Over 1 Million Brits Hit by £920 Average Tax Demand from HMRC
HMRC's £920 tax demands hit over a million Brits

More than one million people across the UK, many of them pensioners and savers, have been confronted with unexpected tax bills averaging £920, as the government's tax collection agency cracks down on underpayments.

The Sharp Rise of Simple Assessments

New data obtained under the Freedom of Information Act reveals a dramatic surge in the use of HMRC's 'simple assessment' letters. These are sent to individuals who owe Income Tax that cannot be automatically collected through the PAYE system. The typical bill has skyrocketed from an average of £600 in the 2019/20 tax year to a substantial £920 in 2023/24.

These demands predominantly target those with income streams where tax is not deducted at source. This includes recipients of the state pension, people with savings interest, and individuals drawing on small private pensions. While most employees have tax seamlessly handled via PAYE, these other forms of income require HMRC to calculate and chase the tax owed separately, often resulting in the dreaded PA302 letter.

Frozen Thresholds and Fiscal Drag

Financial experts point directly to the prolonged freeze on income tax thresholds as the engine behind this growing problem. The personal allowance – the point at which you start paying 20% income tax – has been locked at £12,570 since 2022 and is set to remain there until 2028.

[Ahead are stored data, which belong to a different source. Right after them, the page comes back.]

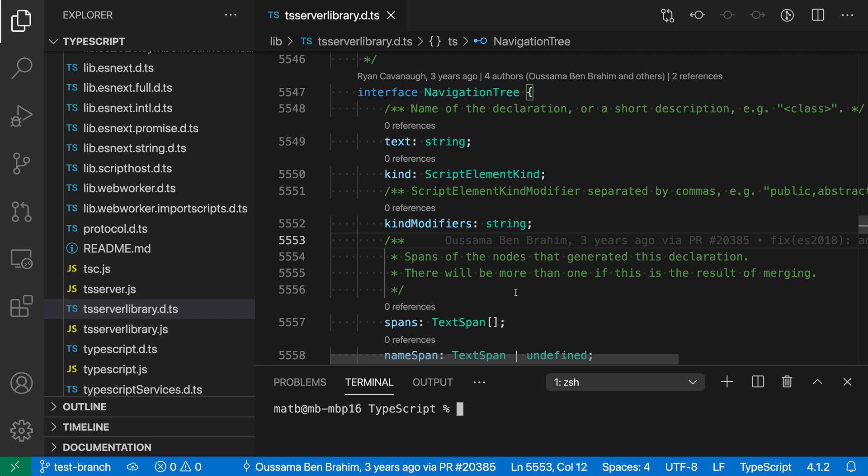The GitLens extension recently added an interactive rebase editor that walks you through the rebase process and adds some useful context and tools for rebasing. Let's take a look at this.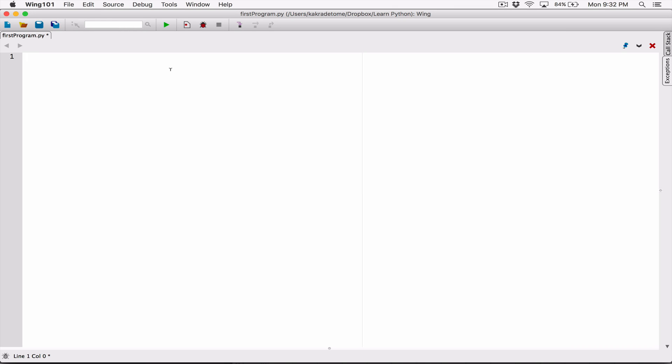Okay, hello everyone. So let's talk about the print function's separator. When you pass multiple arguments into a print function, for example, if I wanted to display the string — I'm going to change it to something else — I'm going to say 'my name is K'.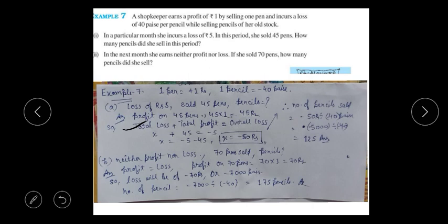We didn't know the total loss, so we wrote it as x rupees. The total profit from selling pens was 45, and the overall loss was 5 rupees, so we wrote it as minus 5. Transposing 45 gives us minus 50 rupees — meaning the actual total loss was 50 rupees.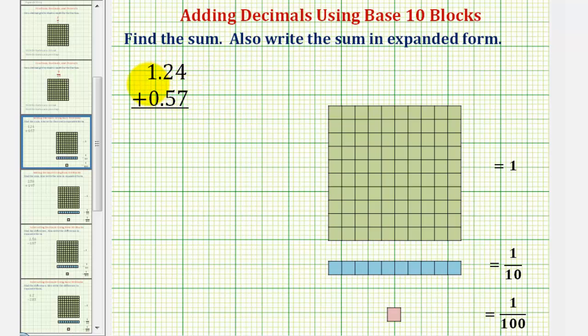We want to find the sum of 1 and 24 hundredths and 57 hundredths using base 10 blocks and also write the sum in expanded form.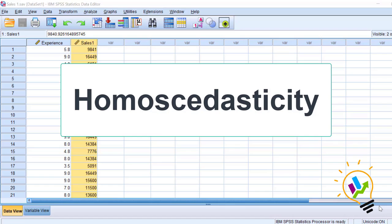Hello, welcome to My Easy Statistics. In this video, I will discuss homoscedasticity.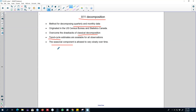X11 handles both multiplicative and additive decomposition, similar to classical decomposition. Essentially, the whole process of decomposing a time series is automatic and is built into many statistical software packages.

During this period, wages, savings rates, and the state pension (under the triple lock) have continued to rise. This phenomenon, known as fiscal drag, silently pulls more people over tax thresholds or into higher tax bands, even if their real-terms living standards haven't improved. Ian Futcher, a financial planner at Quilter, told The i Paper: “The steady rise in the average underpayment... is a clear symptom of fiscal drag at work.”

Narrow Protection and Future Warnings

Chancellor Rachel Reeves has confirmed a future safeguard: when the new full state pension exceeds the £12,570 personal allowance – expected within two years – those whose sole income is the state pension will not have to pay income tax. However, this protection is limited.

Mr Futcher warned: “Many pensioners have small additional income streams, such as private pensions, savings interest or investment income, which can quickly tip them back into the tax system.” With thresholds frozen until 2028 and the state pension rising, the average amount owed is predicted to climb further.

HMRC has advised that anyone struggling to pay a simple assessment bill in full should contact them directly, as payment by instalments may be an option. The key advice from experts is clear: do not ignore the letter. Check the figures carefully, ensure all income is reported correctly, and understand how the tax has been calculated.